* [SOURCE DATA]:
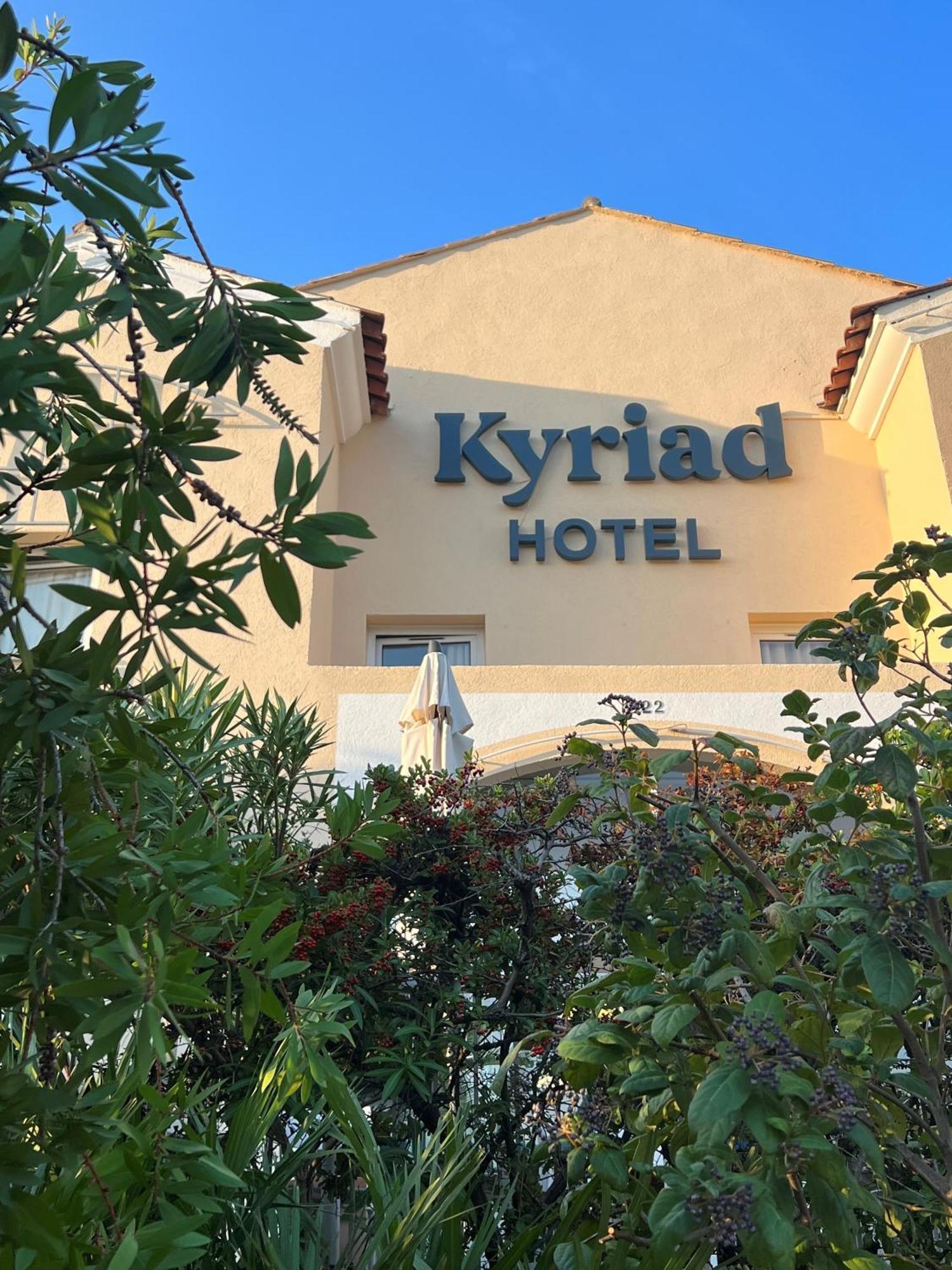 Hotel Restaurant Kyriad Fréjus מראה חיצוני תמונה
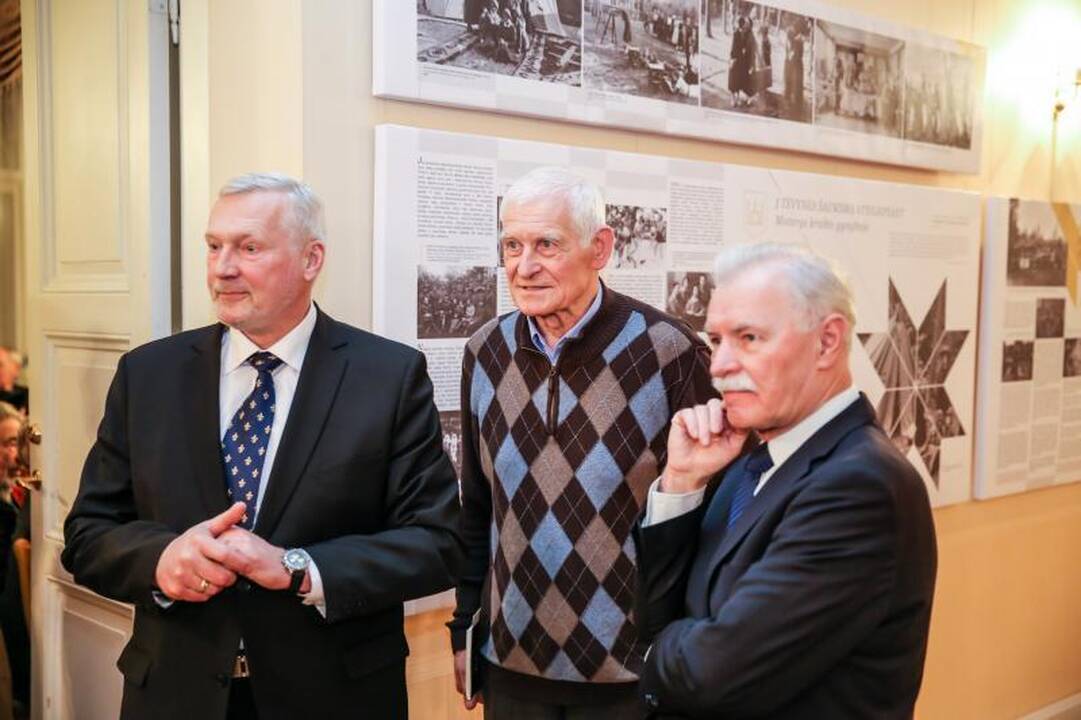 A. Smetonos palaikams grįžti į Lietuvą dar per anksti?
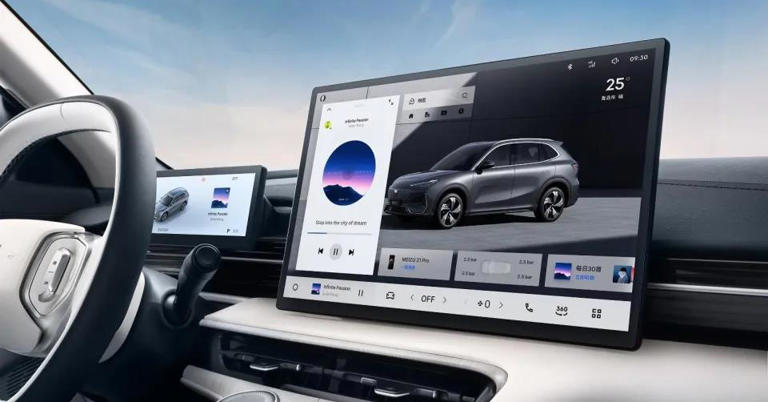 又一价格屠夫！从10.98万降到9万多，终身质保，剑指比亚迪元PLUS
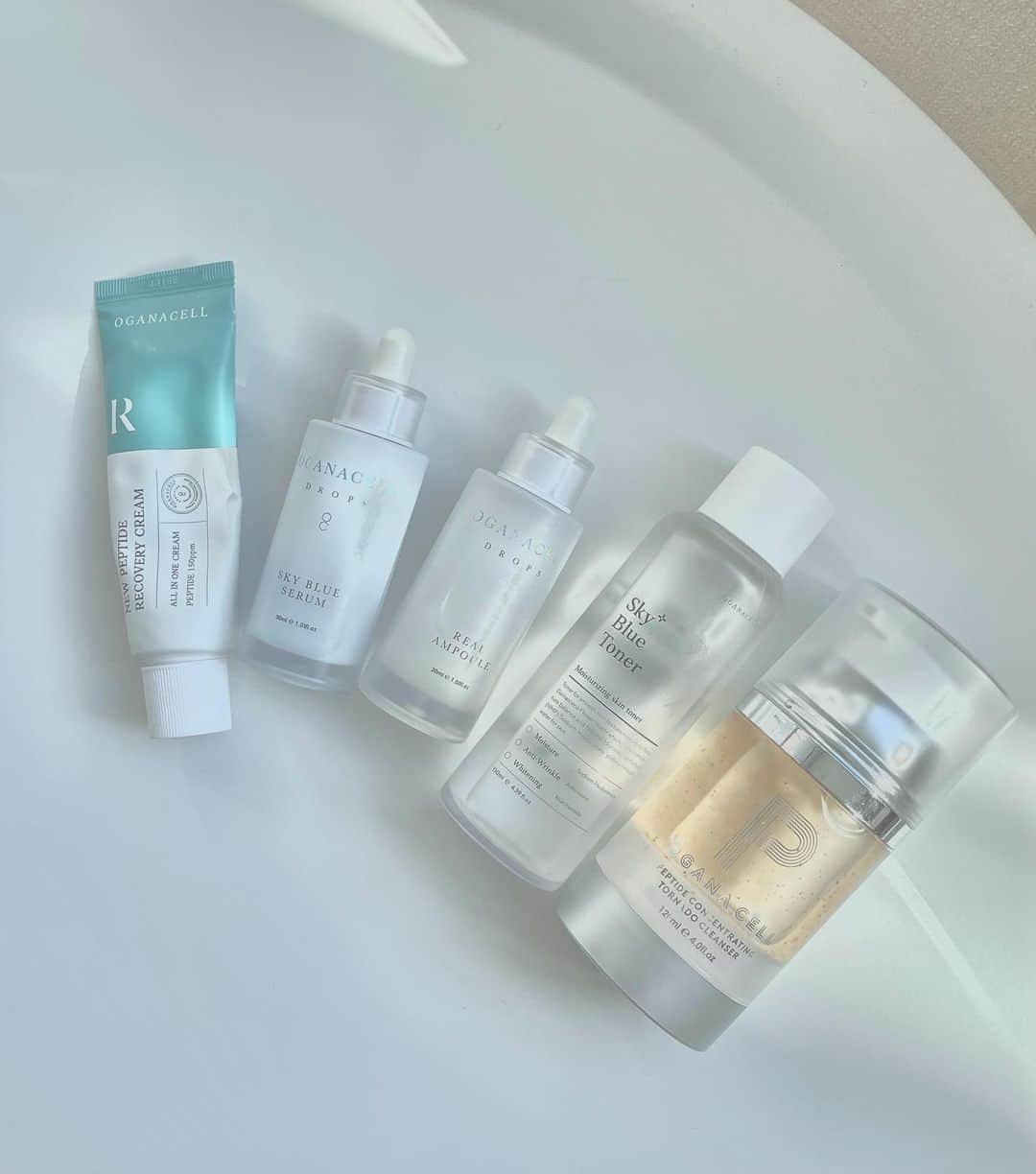 Lilmeのインスタグラム：「控えめにいうけどこのスキンケアシリーズかなり良い。。しかし、まだ日本では売ってない！！韓国のドクターズコスメで韓国の皮膚科では販売されてる💊私はこの中でも洗顔が1番すき！！肌がツルツルになる！ そして香りが良いので寝る間のスキンケアでいつも癒される😴💤🌿🌳🍃  #PRではございません #まぢでおすすめです #でも日本では買えない #そしてコロナ #コロナ終わったら韓国で是非試してみてね」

* [PROBLEM]: Lines from the one containing "A. Smetonos palaikams" through the end of the listing, both included, are to be restated exactly, and pictures are to be left out.

* [RESPONSE BOX]:
 A. Smetonos palaikams grįžti į Lietuvą dar per anksti?
 又一价格屠夫！从10.98万降到9万多，终身质保，剑指比亚迪元PLUS
 Lilmeのインスタグラム：「控えめにいうけどこのスキンケアシリーズかなり良い。。しかし、まだ日本では売ってない！！韓国のドクターズコスメで韓国の皮膚科では販売されてる💊私はこの中でも洗顔が1番すき！！肌がツルツルになる！ そして香りが良いので寝る間のスキンケアでいつも癒される😴💤🌿🌳🍃  #PRではございません #まぢでおすすめです #でも日本では買えない #そしてコロナ #コロナ終わったら韓国で是非試してみてね」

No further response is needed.